◆ TASK TO CARRY OUT: Leave out the pictures and output exactly the lines below from the one with "Stussy 78 STUSSY" down to the one with "Dwarven Kingdoms –", both of them included.

:: DATA EXCERPTS ::

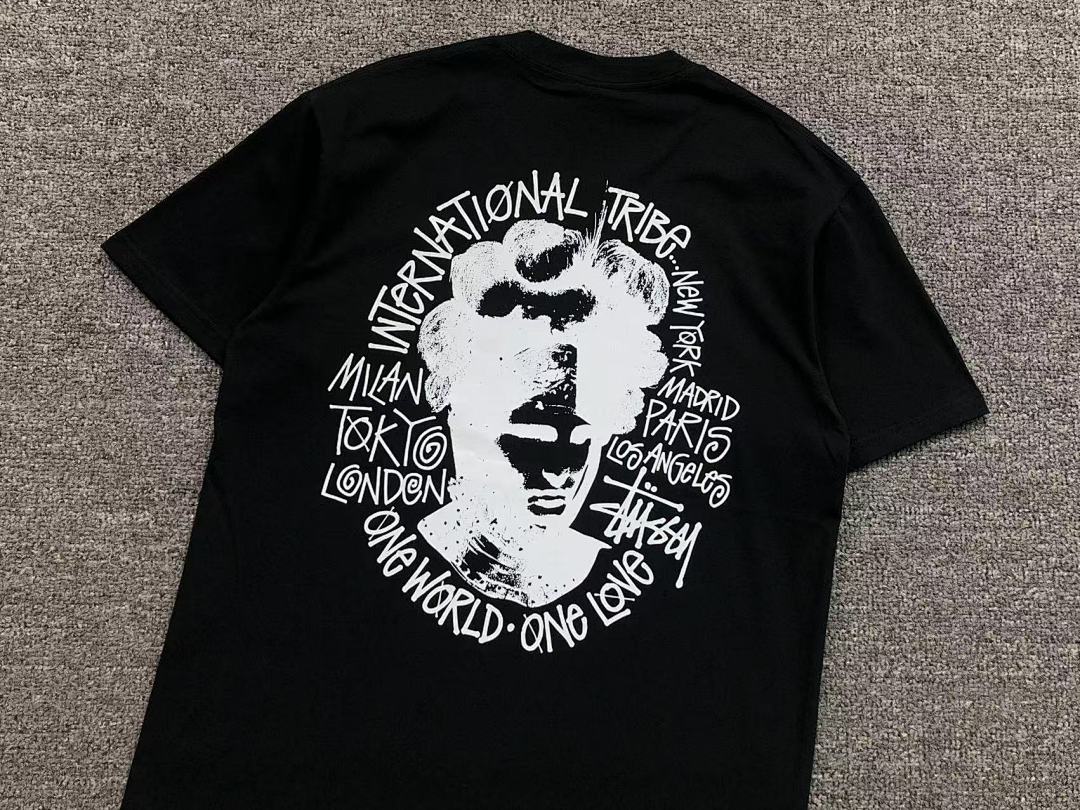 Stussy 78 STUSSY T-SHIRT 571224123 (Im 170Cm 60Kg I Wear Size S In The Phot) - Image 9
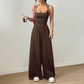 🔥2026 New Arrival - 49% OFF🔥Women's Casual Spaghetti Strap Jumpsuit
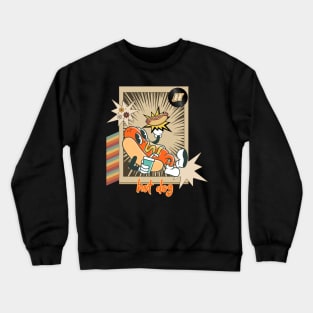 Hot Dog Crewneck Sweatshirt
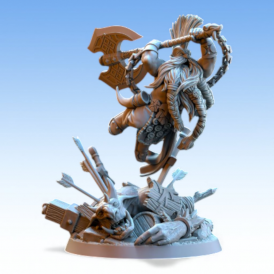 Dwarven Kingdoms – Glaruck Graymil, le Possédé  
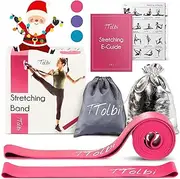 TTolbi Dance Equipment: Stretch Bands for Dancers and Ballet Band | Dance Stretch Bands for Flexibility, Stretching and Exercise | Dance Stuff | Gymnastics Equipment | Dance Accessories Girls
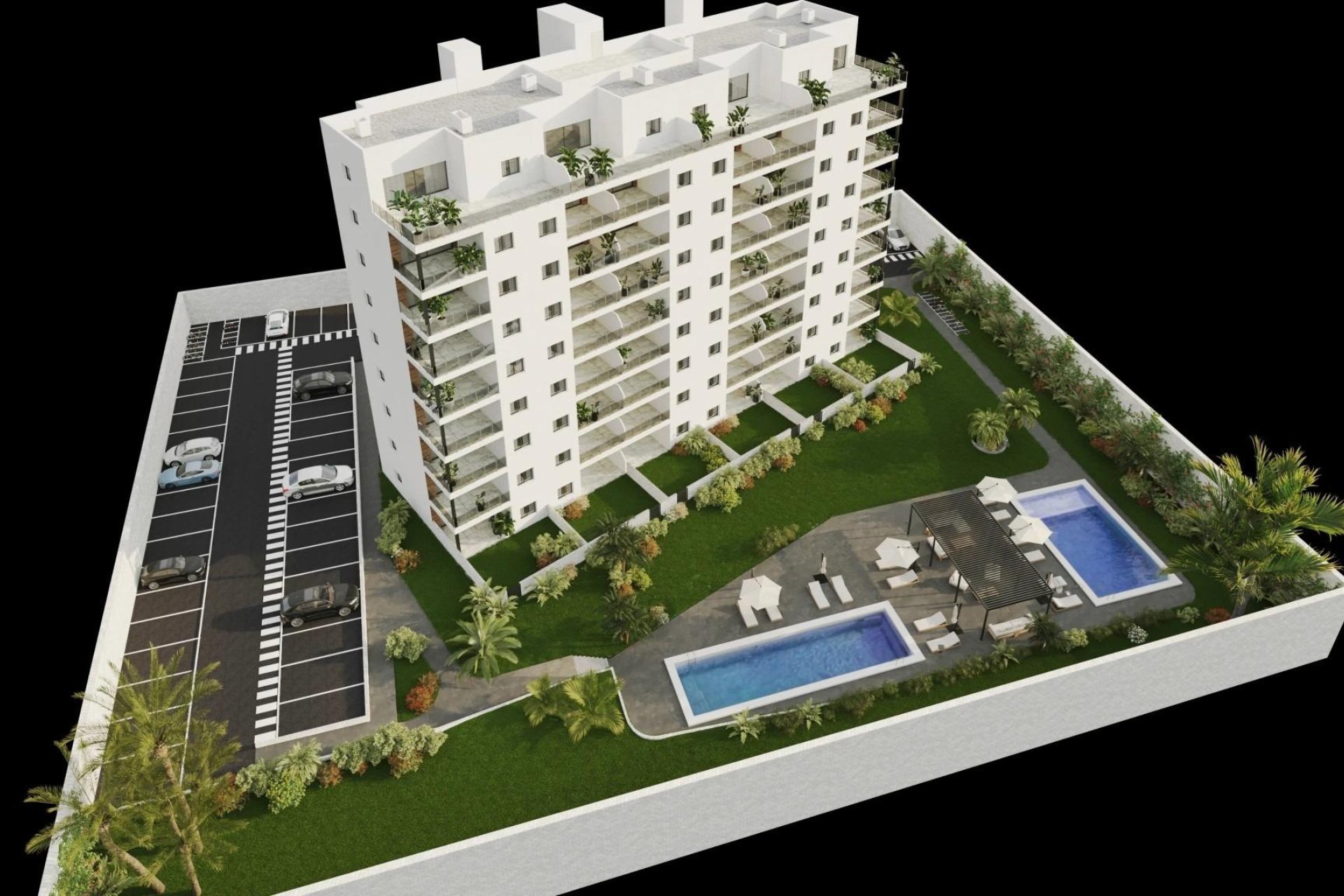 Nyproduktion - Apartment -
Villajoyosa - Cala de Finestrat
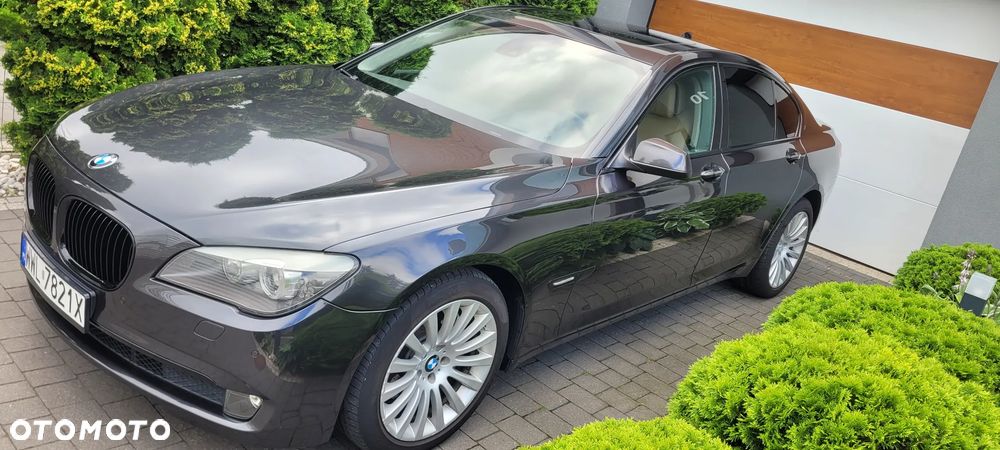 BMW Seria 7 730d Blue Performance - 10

:::
:: DATA EXCERPTS ::

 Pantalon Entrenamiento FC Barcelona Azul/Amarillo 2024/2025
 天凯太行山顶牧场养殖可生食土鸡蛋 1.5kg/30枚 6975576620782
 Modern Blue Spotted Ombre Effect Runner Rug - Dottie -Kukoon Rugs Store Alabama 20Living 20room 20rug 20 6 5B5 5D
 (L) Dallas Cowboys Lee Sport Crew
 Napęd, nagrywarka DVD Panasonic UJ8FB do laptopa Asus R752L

:::
:: DATA EXCERPTS ::

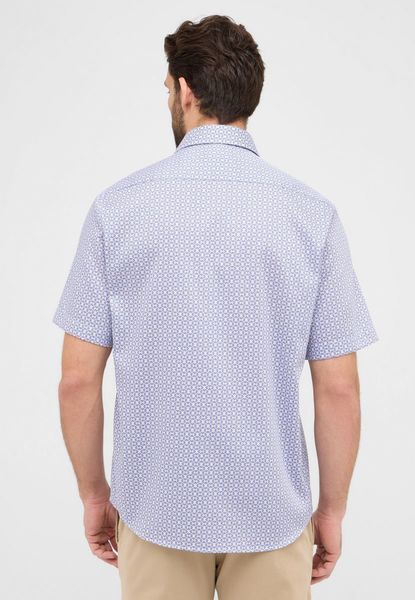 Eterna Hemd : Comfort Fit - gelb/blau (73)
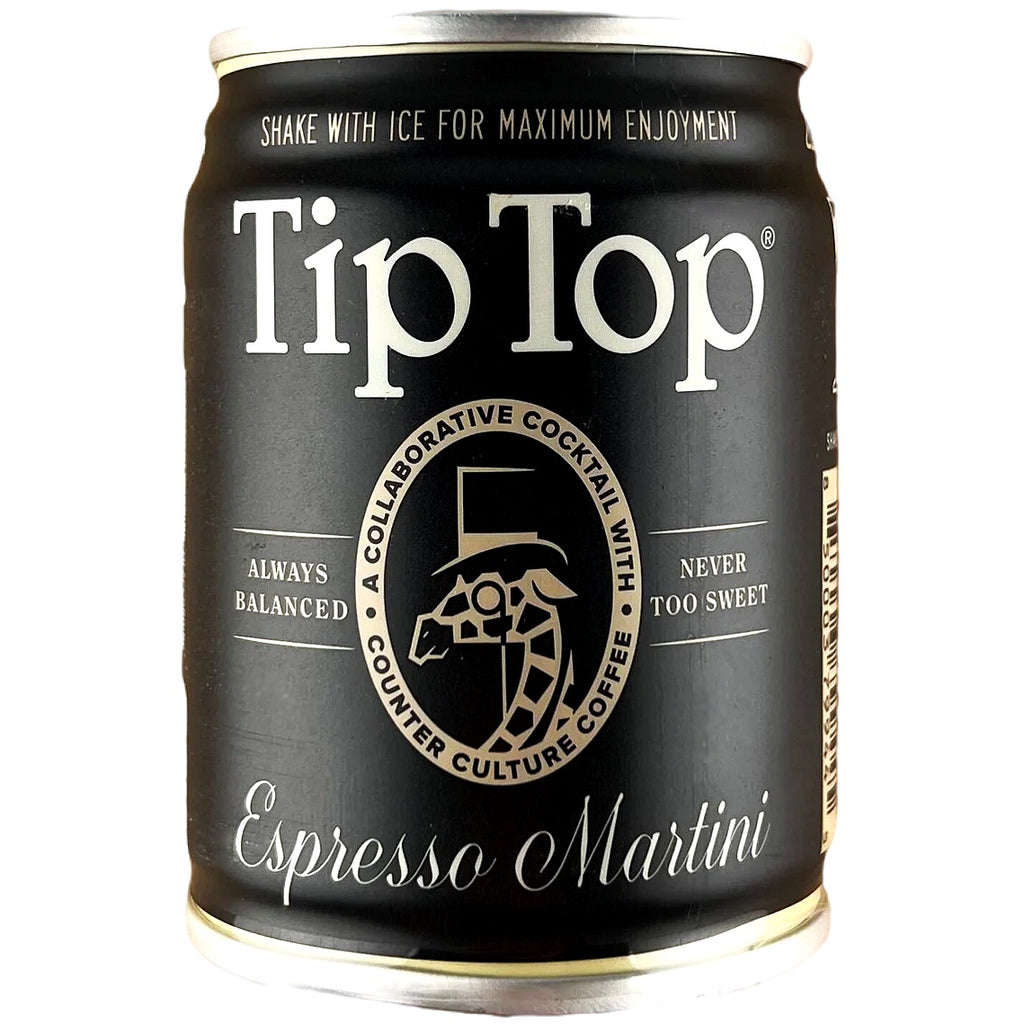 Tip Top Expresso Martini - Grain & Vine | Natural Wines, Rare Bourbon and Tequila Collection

:::

◆ RESULT OF THIS EXERCISE:
 Stussy 78 STUSSY T-SHIRT 571224123 (Im 170Cm 60Kg I Wear Size S In The Phot) - Image 9
 🔥2026 New Arrival - 49% OFF🔥Women's Casual Spaghetti Strap Jumpsuit
 Hot Dog Crewneck Sweatshirt
 Dwarven Kingdoms – Glaruck Graymil, le Possédé  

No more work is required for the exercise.